Green Accounting and Profitability of a company

Most of the researchers have discovered through detailed analysis that there is strong relationship between Green Accounting and financial performance of a company and the increase in profitability by a company in turn increases the value of a company. The relationship between environmental accounting disclosures and financial performance can be analyzed by keeping forth two important variables, cost and revenue. When analyzing the effect in terms of income, the consumers have a higher tendency to pay for eco-friendly products which also provide competitive edge to the organization and thereby allowing it to enjoy market differentiation.

While talking in terms of cost, the company can increase its efficiency by effectively applying green accounting to its operations which would not only help in avoiding potential liabilities, enjoy better positioning in the market but also would be able to create entry barriers for potential competitors. The disclosure of environmental costs will reflect that business ethics are carried by the company and are responsible enough to manage the resources effectively.

There are high shortages of energy throughout the country and therefore high costs associated with these directly impact the company’s daily operations.

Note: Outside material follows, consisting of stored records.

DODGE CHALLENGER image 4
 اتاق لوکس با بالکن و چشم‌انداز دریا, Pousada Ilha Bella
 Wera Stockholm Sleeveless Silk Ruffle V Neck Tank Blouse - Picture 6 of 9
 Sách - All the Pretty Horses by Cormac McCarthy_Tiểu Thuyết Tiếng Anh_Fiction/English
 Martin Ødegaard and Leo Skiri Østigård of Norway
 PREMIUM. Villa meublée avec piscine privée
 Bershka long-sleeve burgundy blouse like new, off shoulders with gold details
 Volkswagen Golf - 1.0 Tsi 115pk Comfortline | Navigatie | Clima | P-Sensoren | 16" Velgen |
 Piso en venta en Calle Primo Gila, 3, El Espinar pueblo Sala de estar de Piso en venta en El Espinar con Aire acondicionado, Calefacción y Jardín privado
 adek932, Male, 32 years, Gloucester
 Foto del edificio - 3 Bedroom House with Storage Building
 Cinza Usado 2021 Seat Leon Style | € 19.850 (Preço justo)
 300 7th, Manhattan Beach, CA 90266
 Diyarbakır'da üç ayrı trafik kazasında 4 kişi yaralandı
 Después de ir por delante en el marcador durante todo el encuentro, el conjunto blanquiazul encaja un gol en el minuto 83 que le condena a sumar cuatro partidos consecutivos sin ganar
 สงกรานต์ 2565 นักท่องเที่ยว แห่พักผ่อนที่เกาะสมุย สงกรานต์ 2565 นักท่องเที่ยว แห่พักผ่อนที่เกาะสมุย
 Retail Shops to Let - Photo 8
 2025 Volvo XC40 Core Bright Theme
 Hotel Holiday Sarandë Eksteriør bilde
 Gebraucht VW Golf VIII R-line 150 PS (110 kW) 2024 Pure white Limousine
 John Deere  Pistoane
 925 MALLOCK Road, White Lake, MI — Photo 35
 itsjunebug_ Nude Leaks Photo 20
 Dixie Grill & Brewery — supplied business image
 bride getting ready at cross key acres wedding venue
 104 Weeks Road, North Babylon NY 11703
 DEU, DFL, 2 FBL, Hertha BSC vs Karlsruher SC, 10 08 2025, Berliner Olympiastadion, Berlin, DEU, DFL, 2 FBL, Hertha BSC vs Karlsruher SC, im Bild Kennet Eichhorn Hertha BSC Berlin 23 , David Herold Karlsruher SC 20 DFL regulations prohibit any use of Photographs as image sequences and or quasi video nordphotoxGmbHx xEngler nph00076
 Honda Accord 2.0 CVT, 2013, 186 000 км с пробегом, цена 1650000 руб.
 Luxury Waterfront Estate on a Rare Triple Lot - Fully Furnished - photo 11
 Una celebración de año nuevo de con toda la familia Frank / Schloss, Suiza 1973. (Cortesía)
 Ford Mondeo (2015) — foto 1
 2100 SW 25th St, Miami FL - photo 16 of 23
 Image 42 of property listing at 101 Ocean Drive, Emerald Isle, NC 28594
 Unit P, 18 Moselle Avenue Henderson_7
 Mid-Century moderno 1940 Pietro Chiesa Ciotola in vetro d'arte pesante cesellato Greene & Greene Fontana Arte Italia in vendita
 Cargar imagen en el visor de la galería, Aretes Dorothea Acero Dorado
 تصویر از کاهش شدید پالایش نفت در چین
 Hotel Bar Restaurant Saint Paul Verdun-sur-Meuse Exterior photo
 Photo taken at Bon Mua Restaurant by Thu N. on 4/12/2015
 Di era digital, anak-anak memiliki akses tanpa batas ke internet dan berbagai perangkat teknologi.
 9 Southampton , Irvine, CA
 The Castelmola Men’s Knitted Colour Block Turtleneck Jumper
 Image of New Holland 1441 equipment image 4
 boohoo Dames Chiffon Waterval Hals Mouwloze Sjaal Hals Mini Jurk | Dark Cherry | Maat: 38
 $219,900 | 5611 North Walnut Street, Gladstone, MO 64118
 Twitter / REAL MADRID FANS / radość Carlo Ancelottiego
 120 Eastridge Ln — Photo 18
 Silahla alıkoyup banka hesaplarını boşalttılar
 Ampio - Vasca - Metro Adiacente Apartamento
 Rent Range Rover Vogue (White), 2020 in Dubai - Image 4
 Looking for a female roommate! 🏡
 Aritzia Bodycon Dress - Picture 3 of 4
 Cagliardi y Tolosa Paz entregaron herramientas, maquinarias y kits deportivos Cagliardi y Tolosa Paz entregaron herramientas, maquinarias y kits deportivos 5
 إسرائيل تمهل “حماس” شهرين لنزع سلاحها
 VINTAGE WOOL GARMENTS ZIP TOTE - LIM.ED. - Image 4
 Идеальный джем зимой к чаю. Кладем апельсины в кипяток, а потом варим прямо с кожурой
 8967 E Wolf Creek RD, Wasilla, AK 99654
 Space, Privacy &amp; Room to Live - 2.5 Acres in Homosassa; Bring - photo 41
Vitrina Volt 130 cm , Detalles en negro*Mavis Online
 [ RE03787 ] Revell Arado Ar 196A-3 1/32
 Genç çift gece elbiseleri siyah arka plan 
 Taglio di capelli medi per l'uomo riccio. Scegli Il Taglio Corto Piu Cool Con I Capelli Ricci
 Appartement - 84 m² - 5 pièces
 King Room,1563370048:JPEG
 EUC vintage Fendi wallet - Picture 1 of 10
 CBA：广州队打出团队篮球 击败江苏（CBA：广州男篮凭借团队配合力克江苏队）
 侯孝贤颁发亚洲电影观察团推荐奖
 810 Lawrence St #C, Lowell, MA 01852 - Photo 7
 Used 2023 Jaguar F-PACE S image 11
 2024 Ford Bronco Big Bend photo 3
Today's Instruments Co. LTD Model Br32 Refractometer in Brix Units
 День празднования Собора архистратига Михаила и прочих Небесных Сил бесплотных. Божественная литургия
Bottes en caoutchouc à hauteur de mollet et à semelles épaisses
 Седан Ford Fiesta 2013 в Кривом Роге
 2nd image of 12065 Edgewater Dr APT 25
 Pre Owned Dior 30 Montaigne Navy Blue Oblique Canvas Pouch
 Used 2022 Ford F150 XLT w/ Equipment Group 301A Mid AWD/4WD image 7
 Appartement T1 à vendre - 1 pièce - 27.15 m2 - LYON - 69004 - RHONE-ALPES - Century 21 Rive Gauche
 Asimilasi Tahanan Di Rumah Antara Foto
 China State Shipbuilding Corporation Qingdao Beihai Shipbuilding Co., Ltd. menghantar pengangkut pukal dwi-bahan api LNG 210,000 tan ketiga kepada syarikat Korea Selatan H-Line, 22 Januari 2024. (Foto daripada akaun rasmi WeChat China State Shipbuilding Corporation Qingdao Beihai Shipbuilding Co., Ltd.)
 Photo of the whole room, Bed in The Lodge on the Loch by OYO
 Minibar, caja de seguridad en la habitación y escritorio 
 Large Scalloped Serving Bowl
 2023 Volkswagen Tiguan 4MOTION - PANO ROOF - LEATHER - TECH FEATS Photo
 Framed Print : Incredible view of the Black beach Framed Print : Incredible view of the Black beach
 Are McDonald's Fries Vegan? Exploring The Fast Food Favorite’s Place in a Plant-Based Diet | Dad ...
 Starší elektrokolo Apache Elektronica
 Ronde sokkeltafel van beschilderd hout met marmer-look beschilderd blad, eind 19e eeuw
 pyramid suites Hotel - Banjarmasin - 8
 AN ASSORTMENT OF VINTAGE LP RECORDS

The forms of energy consumed by a company include heat, fuel, electricity,
etc, and these cause negative e.ects on the climate which can be reduced by adopting renewable energy resources.

These in turn would hamper the environmental damage generated by such activities.

The above-mentioned criteria, if implemented successfully by the companies will increase the level of trust of stakeholders which include employees, consumers, investors as well as the public at large in the products and services of the company. This in turn would increase the profitability of the company thus indicating a direct relationship between environmental accounting and corporate profitability. Hence, overall there is a positive relationship observed between these two variables.

Conclusion

It can be stated that Green Accounting is the ability to provide accurate information by companies in their financial statements regarding the approximate social costs caused by their activities that also have an impact on the environment. This information is extremely important to both investors and customers yet there still are companies that do not disclose such information which clearly indicate that less number of companies are taking measures to preserve the environment. The government must encourage companies to the application of Green accounting as it would not only lead to higher self-disclosure thereby increasing the trust in the company by the public at large. Both short and long-term profitability of the company would increase as potential clients would be attracted to buy products of such trusted companies thereby retaining customers in the longer run. Disclosures are important for investors as they would take decisions regarding the investment of capital based on this data. Hence, Green Accounting must be implemented as soon as possible by companies all around the world to ensure environmental safety along with profit maximization side by side.